Friends of Wainui Bush Park say they are frustrated Waikato District Council work in the idyllic reserve is often leaving them out on a limb.
But the Friends – a volunteer group who have tended the 10-hectare park now for a quarter of a century – insist all that’s really needed in most cases is better communication to ensure neither party barks up the wrong tree.
The weed-spraying of native vegetation around a mound of slowly mulching bamboo and the felling of a tree the Friends had just pruned are two recent incidents cited in an exchange of emails with council staff.
The Friends say the incidents occurred despite their repeated emails to the council asking for consultation before any action was taken in the park.
“How can liaison be strengthened to allow us to improve the park without wasting our effort?” longtime group member John Lawson asked of parks and facilities team leader Duncan MacDougall in an email late last year.
He complained the spraying of the poroporo – which was shading out the mulching bamboo – “has wasted that effort and set us back two years”. “Will the native vegetation be sprayed again if we try to encourage it to take over from the bamboo?” he asked.

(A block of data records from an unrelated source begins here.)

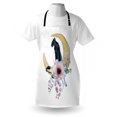 thumbnail image 4 of Panther Apron, Painting of a Black Silhouette on a Moon Shape with Flowers Anemones Wild Theme, Unisex Kitchen Bib with Adjustable Neck for Cooking Gardening, Adult Size, Multicolor, by Ambesonne, 4 of 4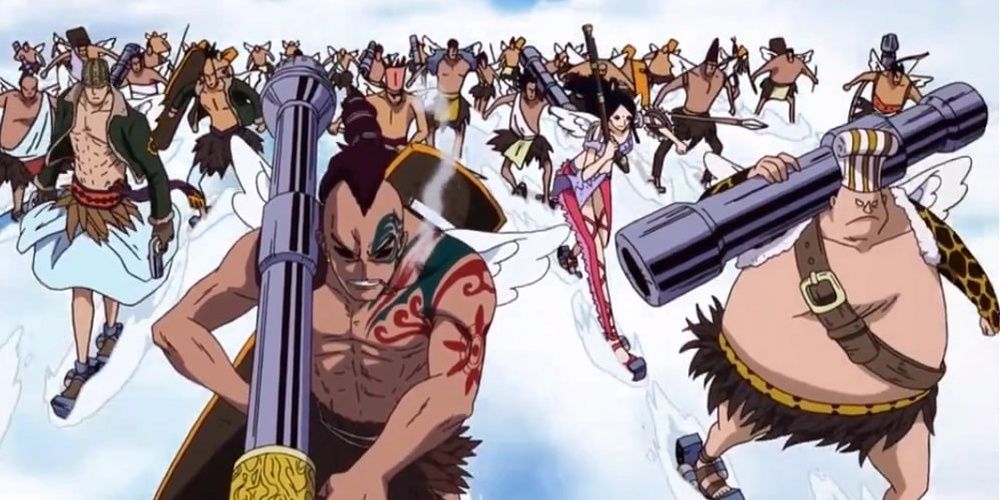 Shandia troops charging on clouds in the One Piece Anime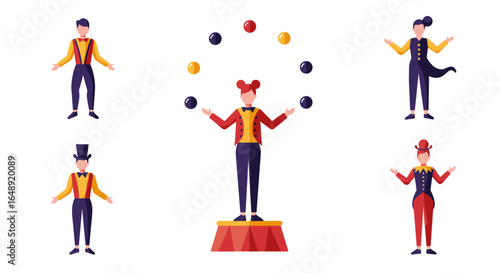 Circus performer set with jugglers and ringmasters in flat design style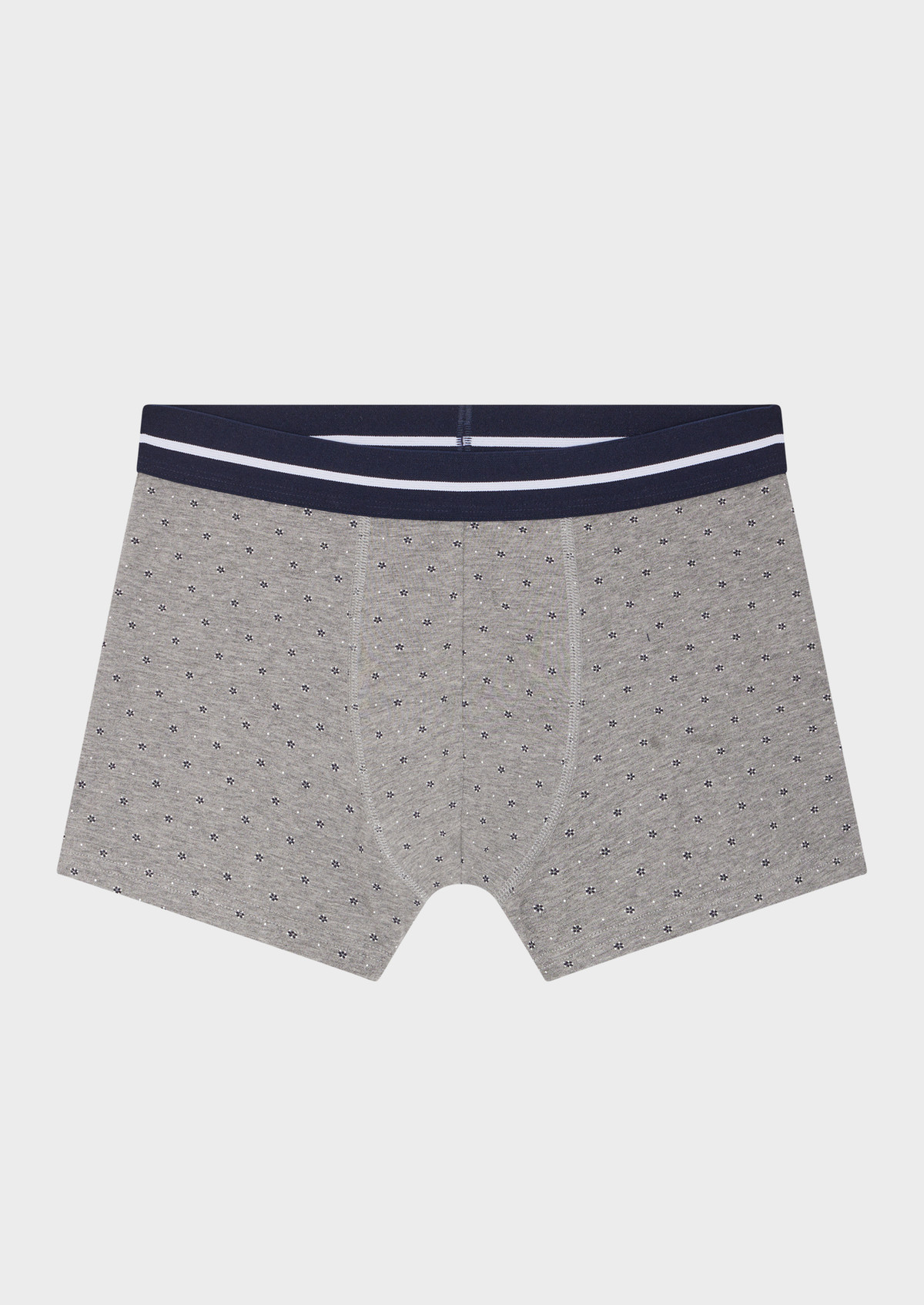 Boxer en coton stretch gris à motif fantaisie bleu et blanc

The felling of a large tree occurred just weeks after the Friends had removed a broken branch. “Had we known the whole tree was to be felled, we could have saved ourselves that wasted work,” the Friends emailed the council.

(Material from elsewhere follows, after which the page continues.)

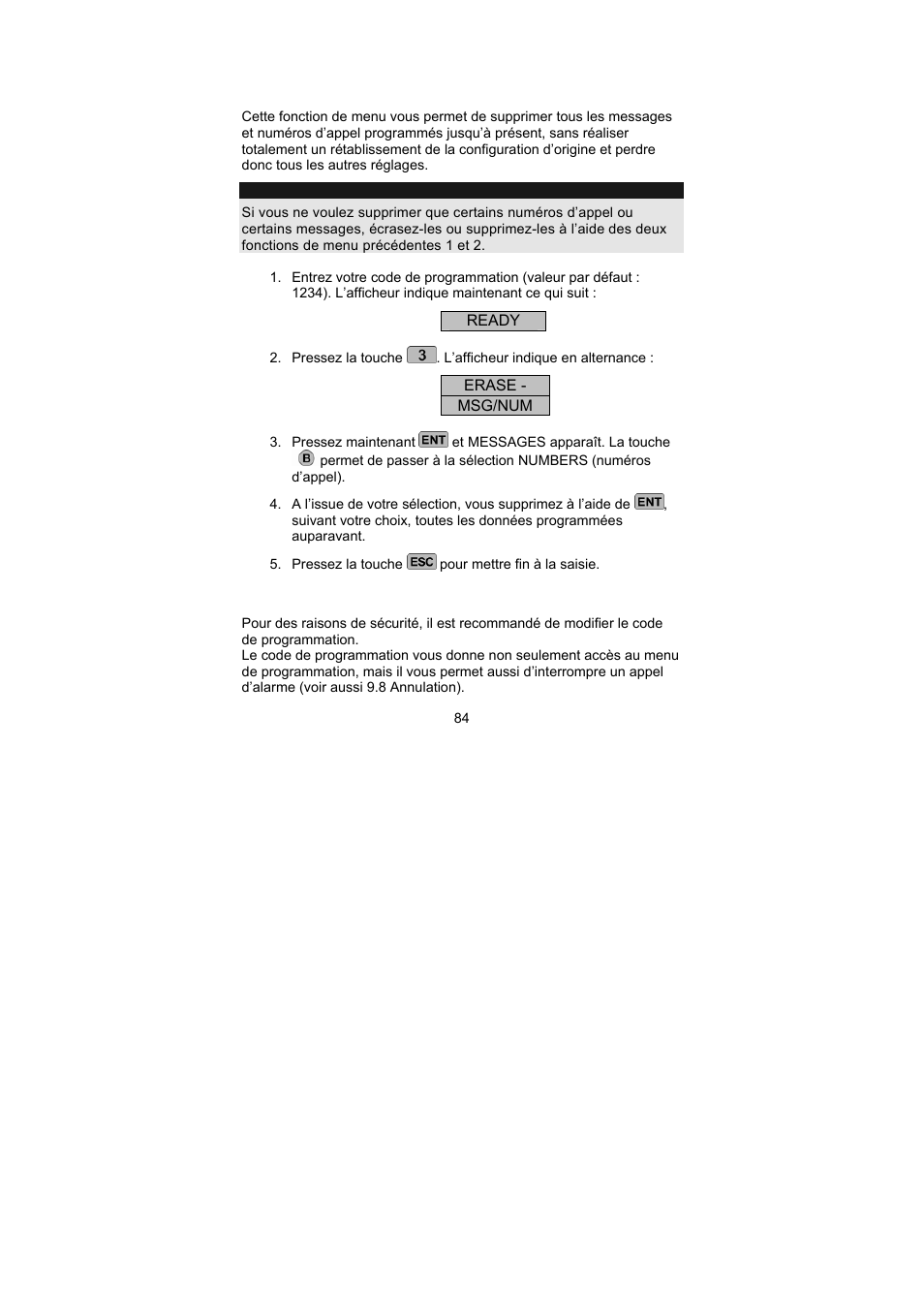 ABUS AZ6301 Terxon PSTN dialer User Manual | Page 84 / 189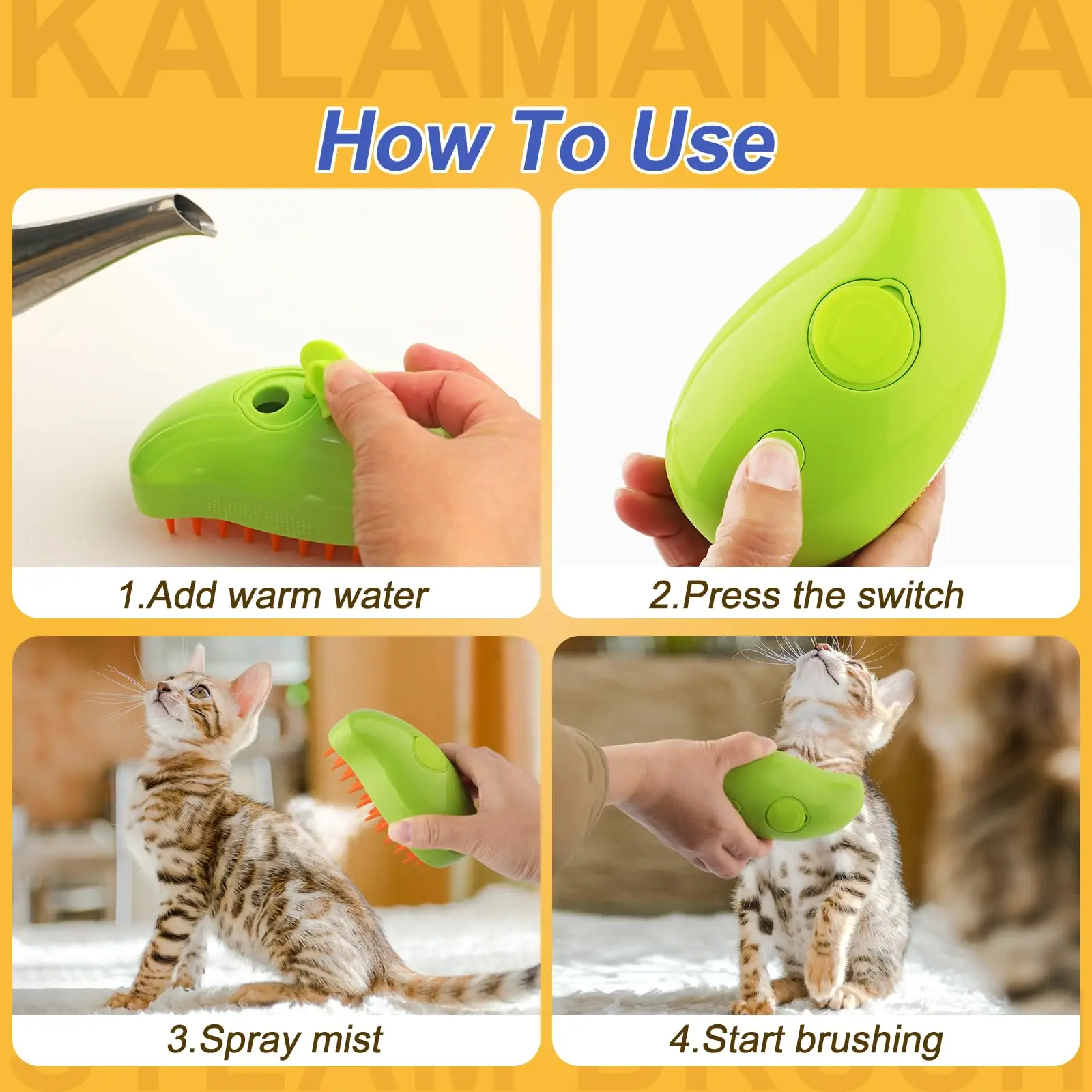 Pet Supplies Grooming Hours - 3-in-1 Dampfbürste für Haustiere, Katzen, Hunde,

They’d decided earlier the tree overall looked safe, and John said the logs left over from the chainsawing backed up that assessment as they were free from rot.
In another case, John said he got a call from a contractor who’d been asked by council to strengthen a bridge rail but could not find it. None of the bridges John described to the contractor fitted with what he’d been asked to do.

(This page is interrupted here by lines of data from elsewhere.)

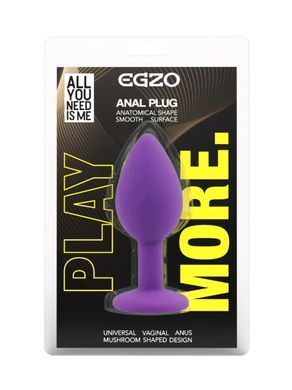 Силіконова анальна пробка EGZO - Silicone Purple Round Plug Red, size S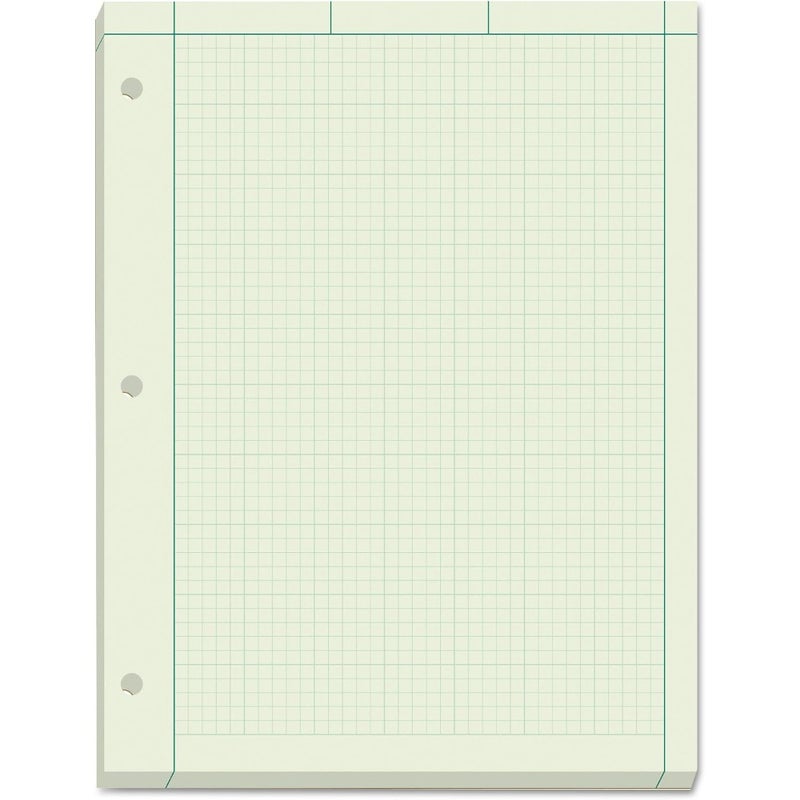 Engineering Computation Pad, 8-1/2" x 11", Glue Top, 5 x 5 Graph Rule on Back, Green Tint Paper, 3-Hole Punched, 35502 - Image 4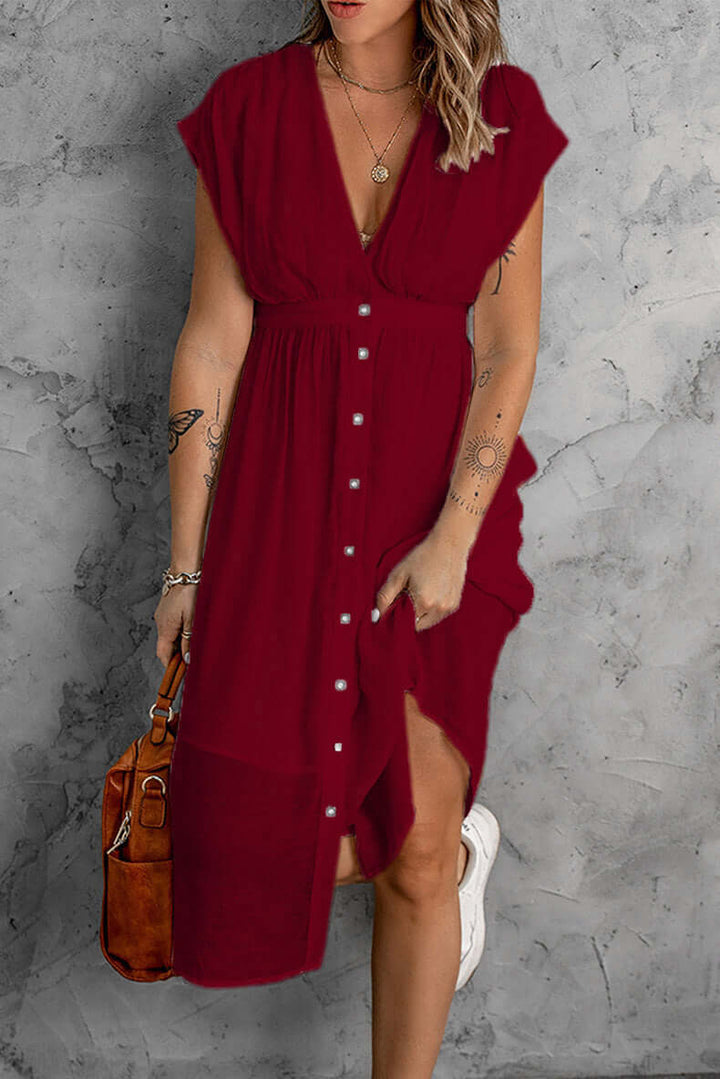 Elegant Deep V-Neck Sleeved Dress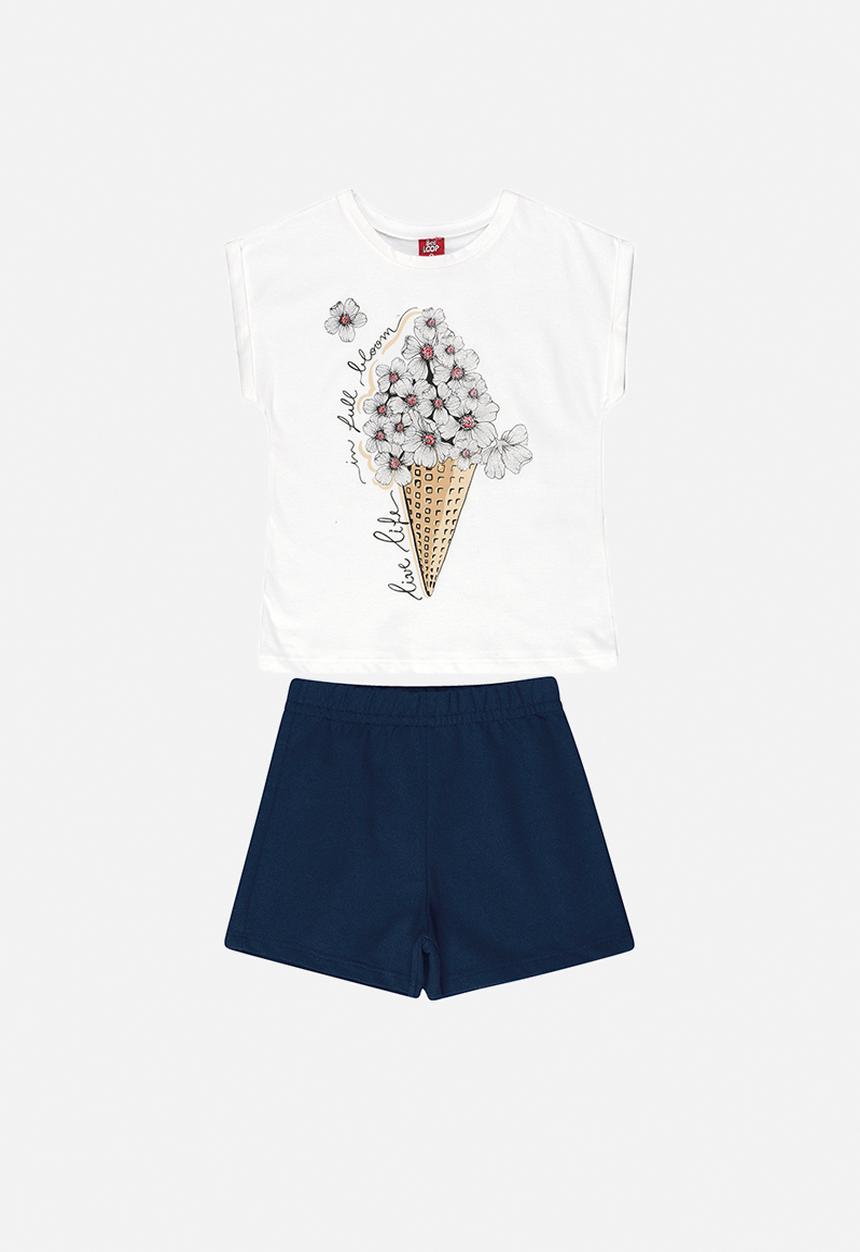 Bee Loop - Girls printed tee & sweatshorts set - white & navy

“If the instruction had been copied to us (the Friends) we could’ve saved some time by identifying the bridge,” John pointed out to the council.
On the plus side, the Friends are pleased the council has for some time now taken responsibility for organising the mowing of the park, as this frees them up for other gardening projects.
And they believe council staff are trying to be a little more communicative.
They’re also chuffed at the results of a major upgrade by the council last winter of two stream bridges and several bush tracks. They say the paths and bridges are now wider and more user-friendly, with no more “slipping and sliding in winter mud”.
Nonagenarian and founding Friends’ member Betty Rawley, whose property borders the park, walks the tracks daily and says they’re “beautifully drained all-weather paths now and much more accessible”.
However the Friends were less happy at the lack of notice over the timing of the upgrade. Twice they arrived at the park as usual every second Monday only to find the contractors had closed the reserve. They say the timing of the work also flew in the face of a council assurance any work would be done when the ground wasn’t so wet, so as to minimise damage.
The emails provided to the Chronicle reveal that while the council apologised for the inconvenience and conceded the Friends should’ve been informed, it explained the contractors had a “window of opportunity” so had not waited till spring as planned.
Meanwhile, there’s no sign of signage the Friends have requested to make clear overnight camping in the carpark is banned. And five years on, the Friends are still waiting on signs directing the public through the maze of tracks.
A list of “do’s and dont’s” for park users also seems on the slow burner, apparently waiting for council policy to be finalised.
“It’s all about to happen,” says John, “but hasn’t.”